On 1/14/26 09:51, Gregory Price wrote:
Add new memory hotplug APIs that allow callers to explicitly control
the online type when adding or managing memory:
- Extend add_memory_driver_managed() with an online_type parameter:
Callers can now specify MMOP_ONLINE, MMOP_ONLINE_KERNEL, or
MMOP_ONLINE_MOVABLE to online with that type, MMOP_OFFLINE to leave
memory offline, or MMOP_SYSTEM_DEFAULT to use the system default
policy. Update virtio_mem to pass MMOP_SYSTEM_DEFAULT to maintain
existing behavior.
I wonder if we rather want to add a new interface
(add_and_online_memory_driver_managed()) where we can restrict it to
known kernel modules that do not violate user-space onlining policies.
For dax we know that user space will define the policy.
- online_memory_range(): online a previously-added memory range with
a specified online type (MMOP_ONLINE, MMOP_ONLINE_KERNEL, or
MMOP_ONLINE_MOVABLE).
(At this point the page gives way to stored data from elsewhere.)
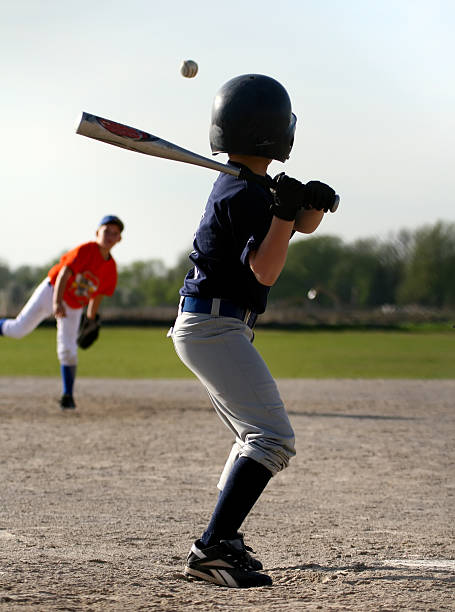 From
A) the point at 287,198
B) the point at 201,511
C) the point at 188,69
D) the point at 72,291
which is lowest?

Validates that the type is valid for onlining.
Why not simply online_memory() and offline_memory() ?
- offline_memory(): offline a memory range without removing it. This
is a wrapper around the internal __offline_memory() that handles
locking. Useful for drivers that want to offline memory blocks
before performing other operations.
These two should be not exported to arbitrary kernel modules. Use
EXPORT_SYMBOL_FOR_MODULES() if required, or do not export them at all.
These APIs enable drivers like dax_kmem to implement sophisticated
memory management policies, such as adding memory offline and deferring
the online decision to userspace.
Signed-off-by: Gregory Price <[email protected]>
---
drivers/dax/kmem.c | 3 +-
drivers/virtio/virtio_mem.c | 3 +-
include/linux/memory_hotplug.h | 4 ++-
mm/memory_hotplug.c | 63 ++++++++++++++++++++++++++++++++--
4 files changed, 68 insertions(+), 5 deletions(-)
diff --git a/drivers/dax/kmem.c b/drivers/dax/kmem.c
index c036e4d0b610..5e0cf94a9620 100644
--- a/drivers/dax/kmem.c
+++ b/drivers/dax/kmem.c
@@ -175,7 +175,8 @@ static int dev_dax_kmem_probe(struct dev_dax *dev_dax)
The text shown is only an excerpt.